[Start of section]

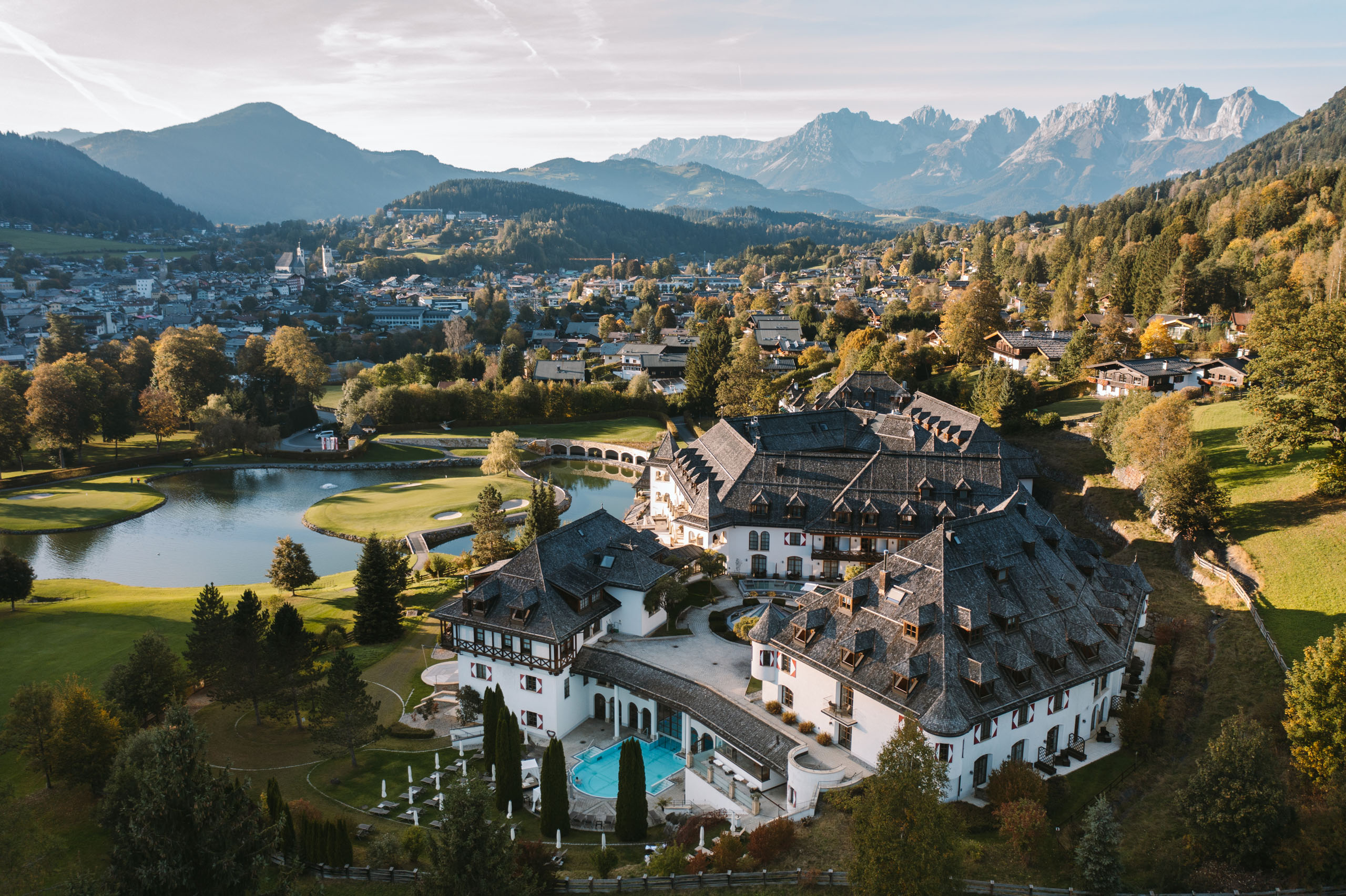 Schloss Kitzbühel Alpine Haven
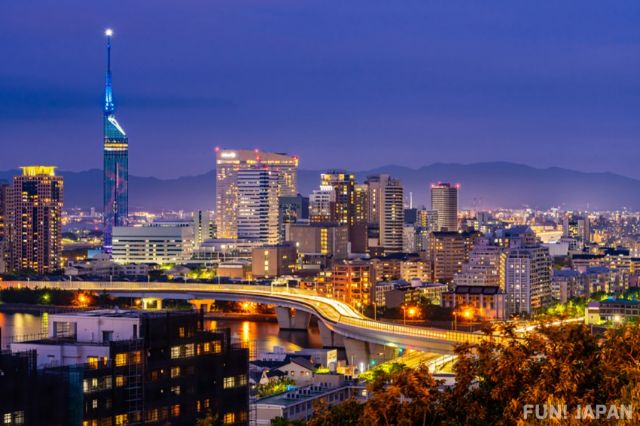 3. Nightlife in Fukuoka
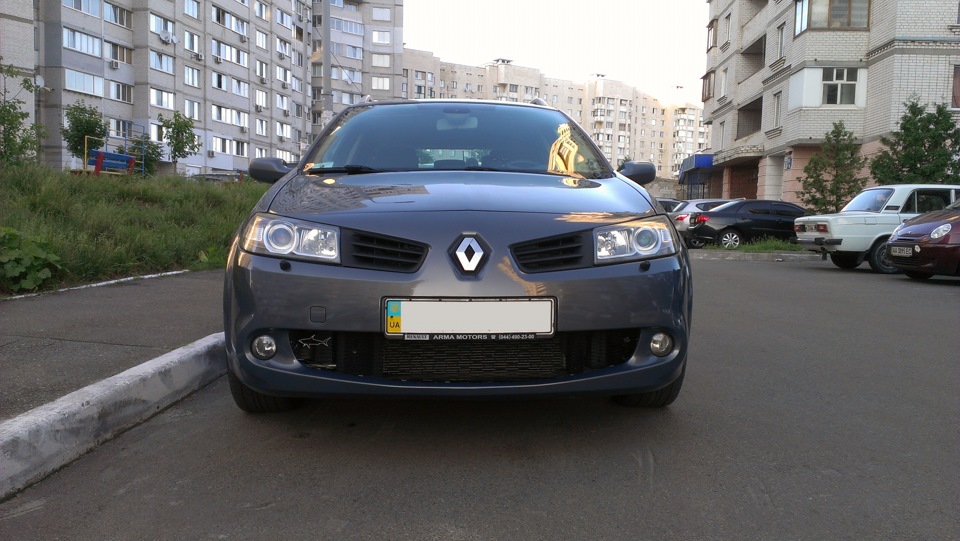 Бампер Megane RS 2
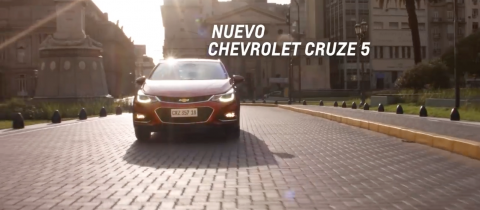 CHEVROLET CRUZE 5 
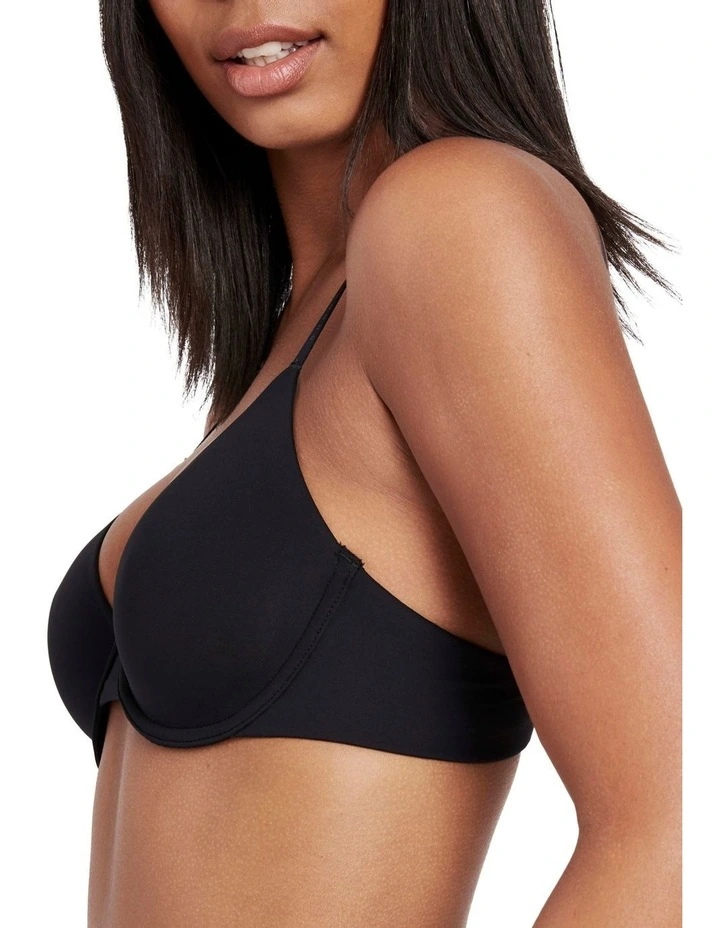 Invisi Micro T-Shirt Bra in Black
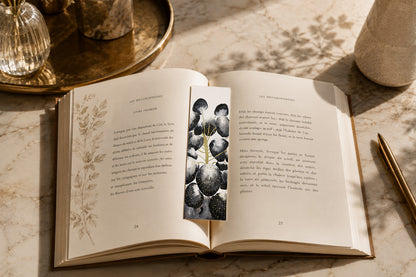 Marque Pages de Plantes, papèterie botanique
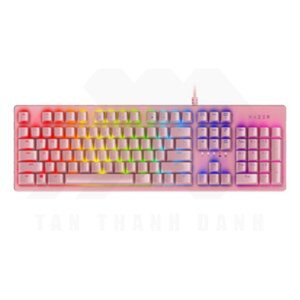 Bàn phím - Keyboard Razer Huntsman Quartz Pink Edition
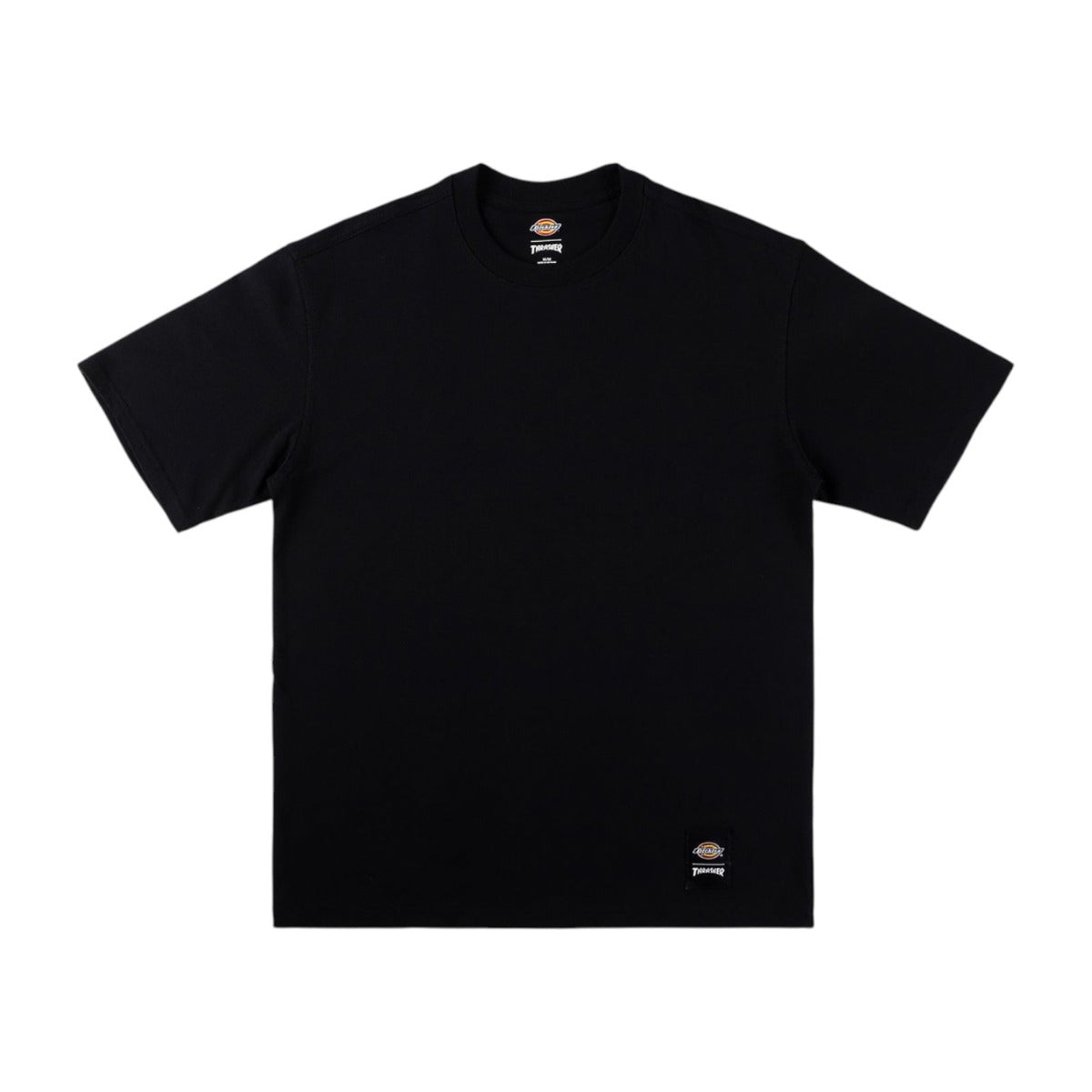 Thrasher X  Tshirt Ss Graphic Black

[End of section]

Starting at the line that contains "Бампер Megane RS 2", extract each line through the last line of the material exactly as written, and include no pictures.

 Бампер Megane RS 2
 CHEVROLET CRUZE 5 
 Invisi Micro T-Shirt Bra in Black
 Marque Pages de Plantes, papèterie botanique
 Bàn phím - Keyboard Razer Huntsman Quartz Pink Edition
 Thrasher X  Tshirt Ss Graphic Black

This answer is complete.